### RECORDS PROVIDED
[Start of section]

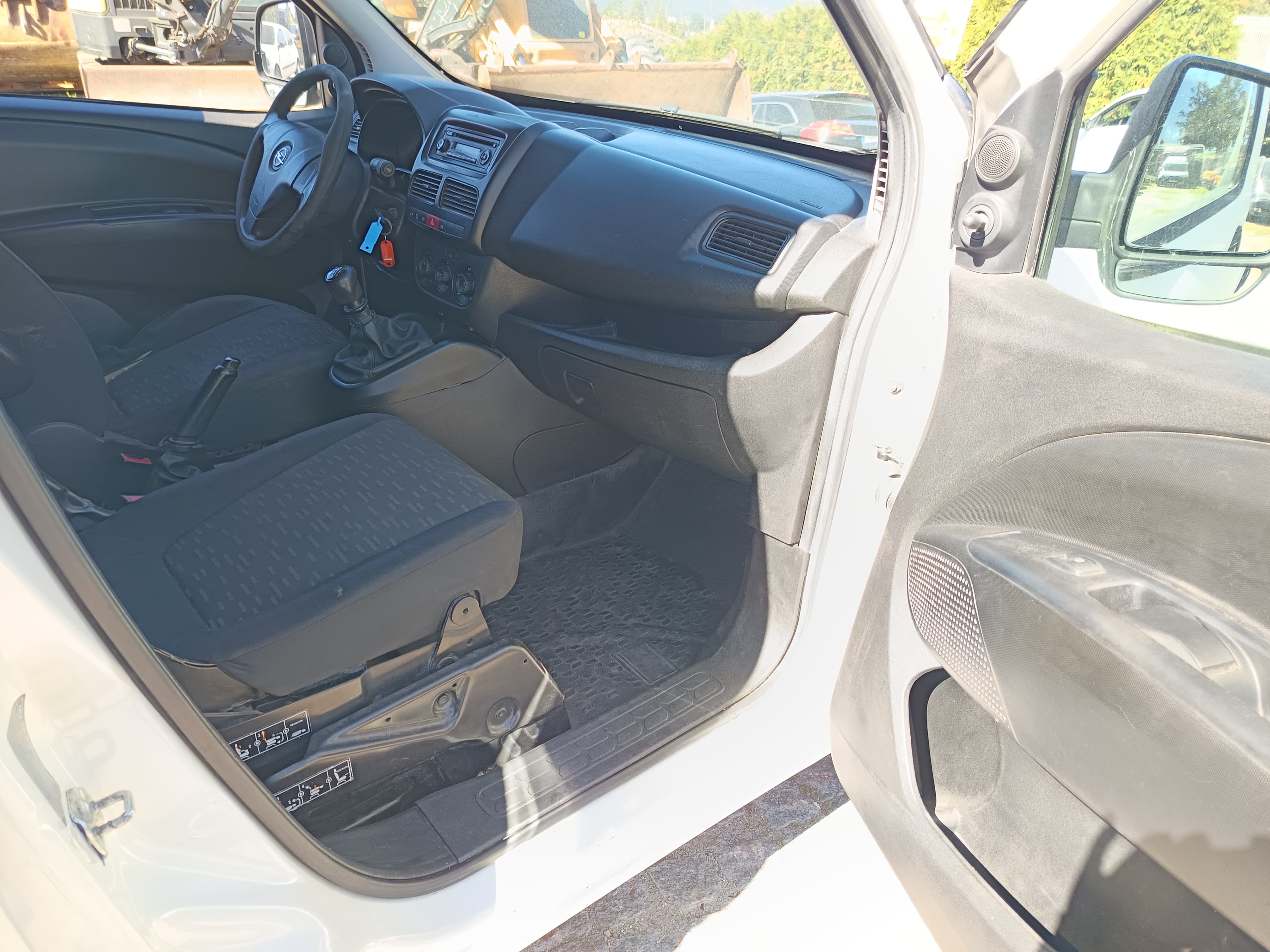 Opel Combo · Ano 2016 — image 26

[End of section]
[Start of section]

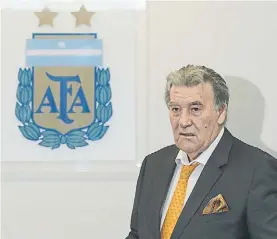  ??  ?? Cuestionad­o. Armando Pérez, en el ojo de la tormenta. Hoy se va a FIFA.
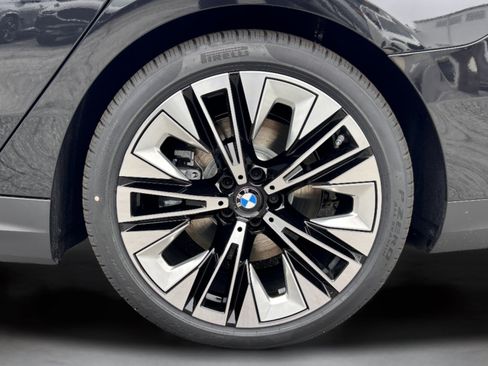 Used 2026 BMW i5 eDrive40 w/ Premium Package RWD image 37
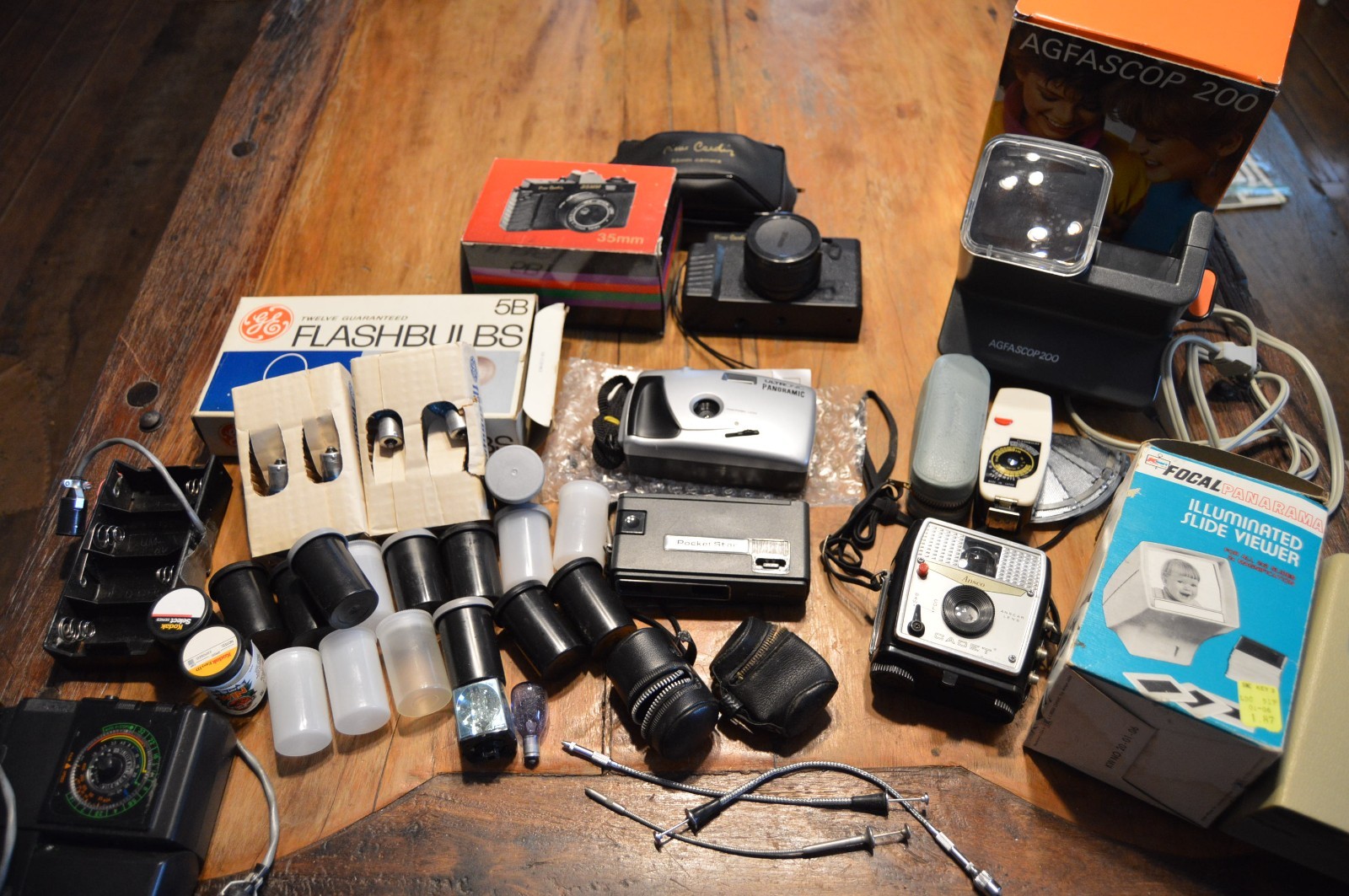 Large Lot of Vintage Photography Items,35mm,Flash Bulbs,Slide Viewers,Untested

[End of section]
[Start of section]

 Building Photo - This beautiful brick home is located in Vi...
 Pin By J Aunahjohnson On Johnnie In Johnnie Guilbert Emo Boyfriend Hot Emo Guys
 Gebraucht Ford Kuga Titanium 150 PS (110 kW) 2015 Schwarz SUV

[End of section]

Only the lines starting at the one that includes "Used 2026 BMW" and ending at the one that includes "Large Lot of" should be retyped, exactly, from the records above; no pictures.

 Used 2026 BMW i5 eDrive40 w/ Premium Package RWD image 37
 Large Lot of Vintage Photography Items,35mm,Flash Bulbs,Slide Viewers,Untested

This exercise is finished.